Not only did she work hard to get to where she is, but she credits Highline College with helping her believe she could be a leader and teacher.
“From staff, from other students, everyone was on the same page –– to become the best educator,” she said. “We all knew there was a need for a change in the education system. We all wanted to make a difference. But we also knew that we needed to accept help along the way to reach our goal. Our conversations in the classrooms were amazing and so valuable to my teaching philosophy to this day.”
As Nakaya earned her Associate of Applied Science in Paraeducation and a Bachelor of Applied Science in Teaching and Early Learning – K-8 Certification, she upheld a high GPA as part of Highline’s Honors Program, Phi Theta Kappa Honors Society and TRiO’s Honor Roll. During her time at Highline, she also won the Leona Hickman Educational Trust Scholarship, the TRiO Ambassador Award and Scholarship and two other awards: TRiO’s Outstanding New Participant Award in March 2017 and Participant Award in March 2017 and May 2018.

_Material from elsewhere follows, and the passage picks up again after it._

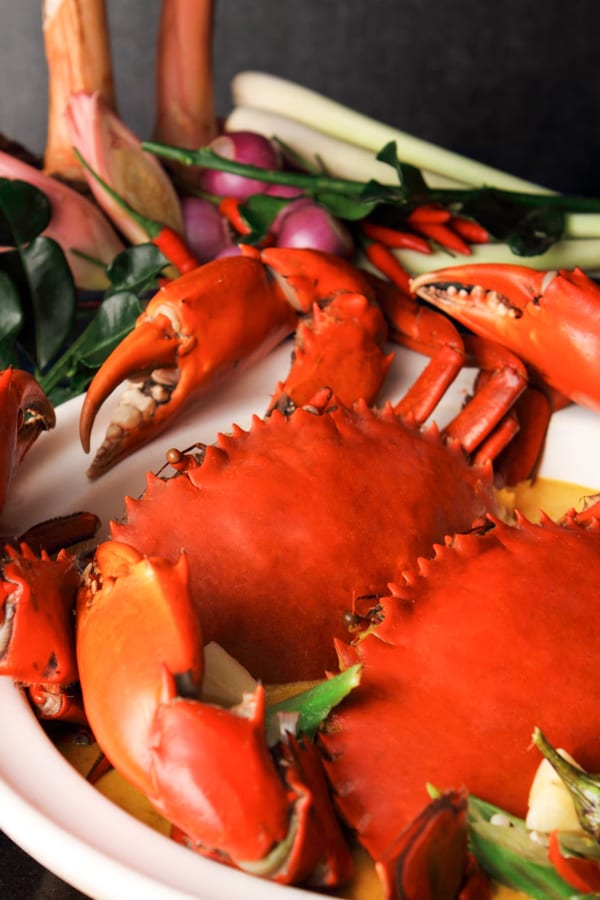 Whole red crab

Three faculty, Patricia McDonald, Jodi White and John Pizarro, were especially influential as she attended Highline College.
“She saw this characteristic of me before I could even see it myself,” Nakaya said of McDonald, who was her advisor. “She supported me in feeling valued and worthy of the knowledge that felt so natural to me. I have no idea I had these skills already in place.”

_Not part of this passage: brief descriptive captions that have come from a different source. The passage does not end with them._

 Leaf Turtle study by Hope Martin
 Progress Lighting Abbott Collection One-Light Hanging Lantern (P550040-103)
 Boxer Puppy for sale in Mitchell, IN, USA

Nakaya said White also saw her potential as an impactful educator, and Pizarro always made sure his students were heard. He also thoughtfully communicated important information and let his students know they could come to him with anything.
“He saw the potential we had, and he made sure we had the guidance that we needed to succeed in the never-ending job of teaching,” Nakaya said of Pizarro. “He helped me strive more than I ever have before. To this day, I could not thank him enough.”
If there’s any advice she could give to currently enrolled students, Nakaya says it would be for students to reach out to a Highline instructor they trust.
“Discuss with them your interests; they will guide you to the correct person to talk to or guide you to the right steps based on your interests,” she said.
But most of all, she advises: “everything is worth working for if you really want it. You have to really want it or your experience at Highline [won’t be] important or meaningful to you. Getting your education should be beneficial to you, your schedule and your bank account. Highline is the college to go for that!”